▶ Task to complete
Ignoring every picture, return the lines of the listing below word for word, from the line that holds "Browning ~ A5 Twenty ~ 20 Gauge - 7 of 11" through the line that holds "Dainese MX3 Roost".

▶ Raw data
• • • • • • •

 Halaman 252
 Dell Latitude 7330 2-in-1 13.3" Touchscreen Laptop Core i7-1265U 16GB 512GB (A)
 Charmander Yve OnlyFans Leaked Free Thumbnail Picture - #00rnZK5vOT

• • • • • • •

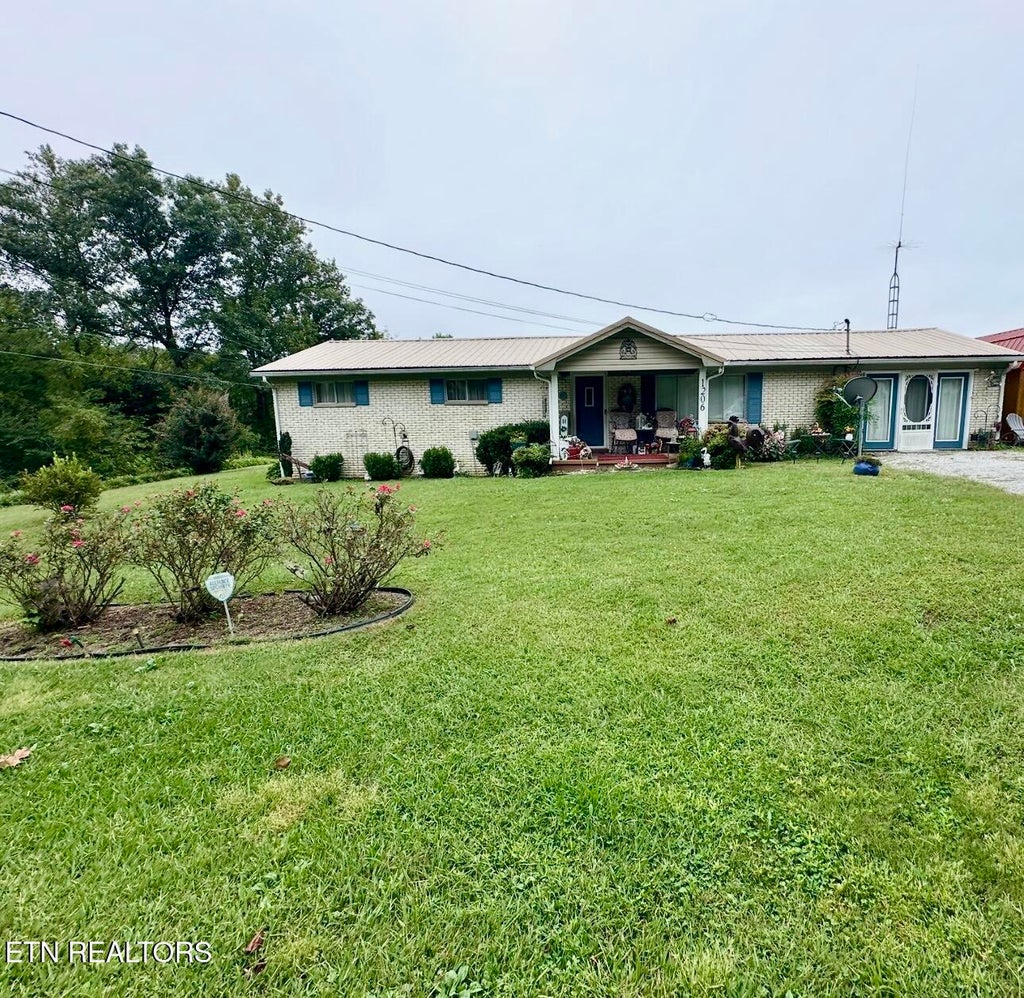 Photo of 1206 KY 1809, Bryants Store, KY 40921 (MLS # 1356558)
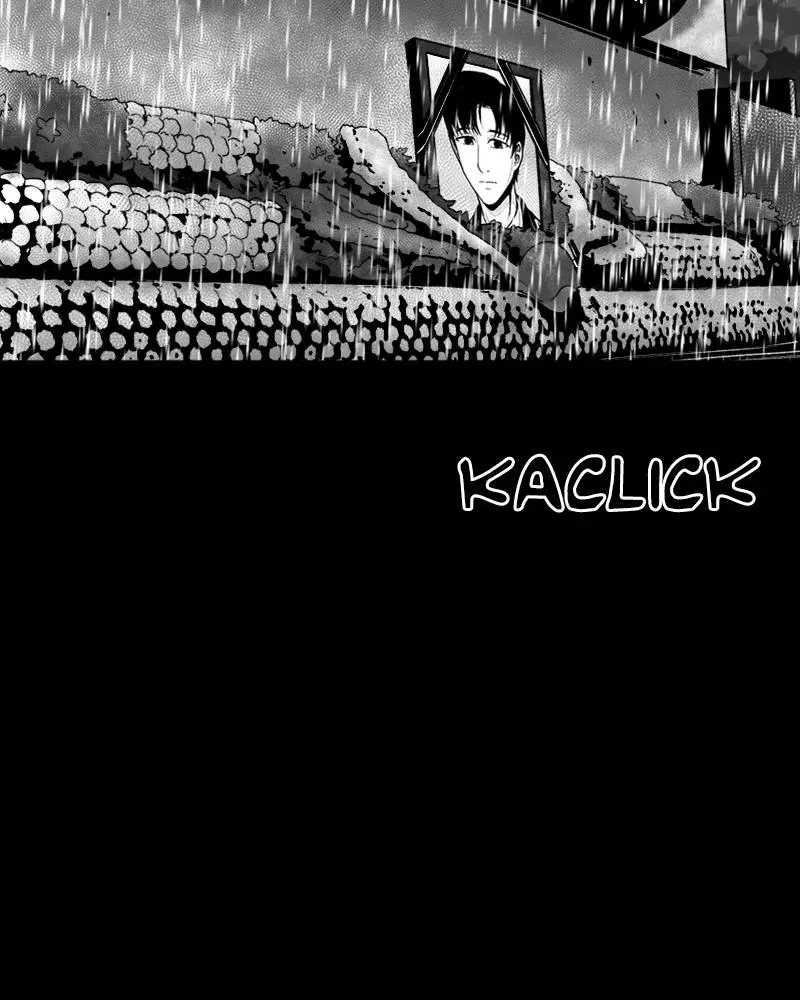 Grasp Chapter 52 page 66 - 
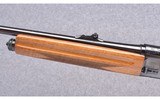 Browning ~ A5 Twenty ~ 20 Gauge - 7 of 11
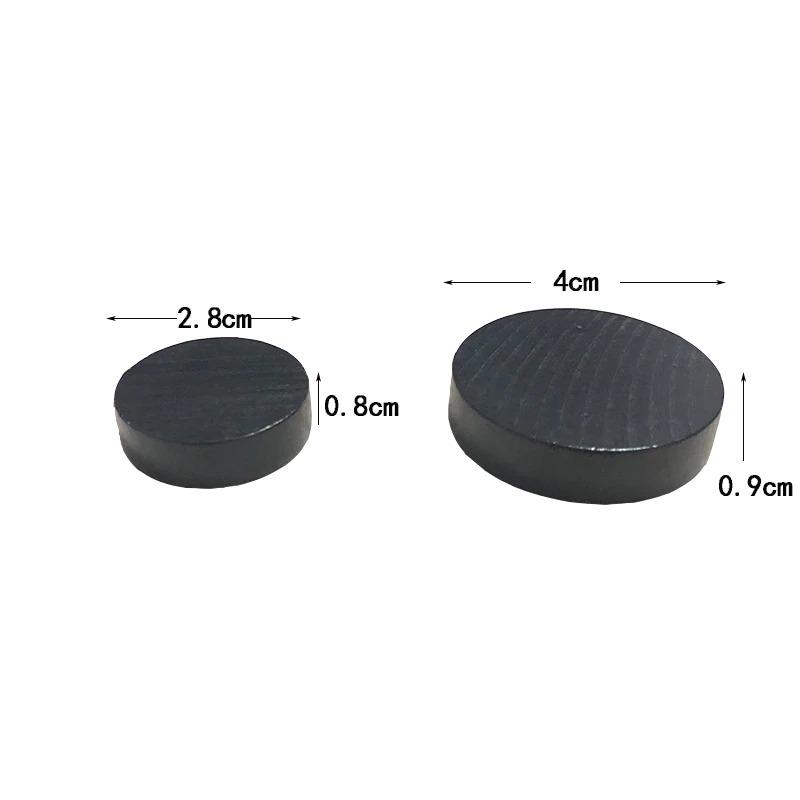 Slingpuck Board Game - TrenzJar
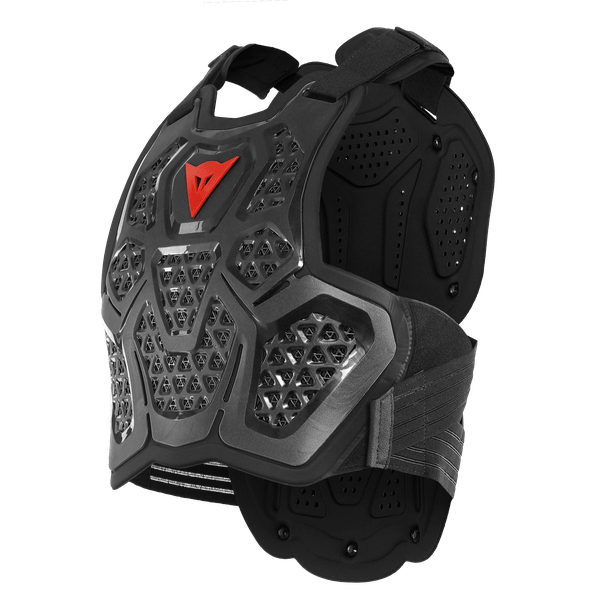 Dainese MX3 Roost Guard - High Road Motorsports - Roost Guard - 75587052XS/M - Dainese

• • • • • • •

▶ Your solution
 Browning ~ A5 Twenty ~ 20 Gauge - 7 of 11
 Slingpuck Board Game - TrenzJar
 Dainese MX3 Roost Guard - High Road Motorsports - Roost Guard - 75587052XS/M - Dainese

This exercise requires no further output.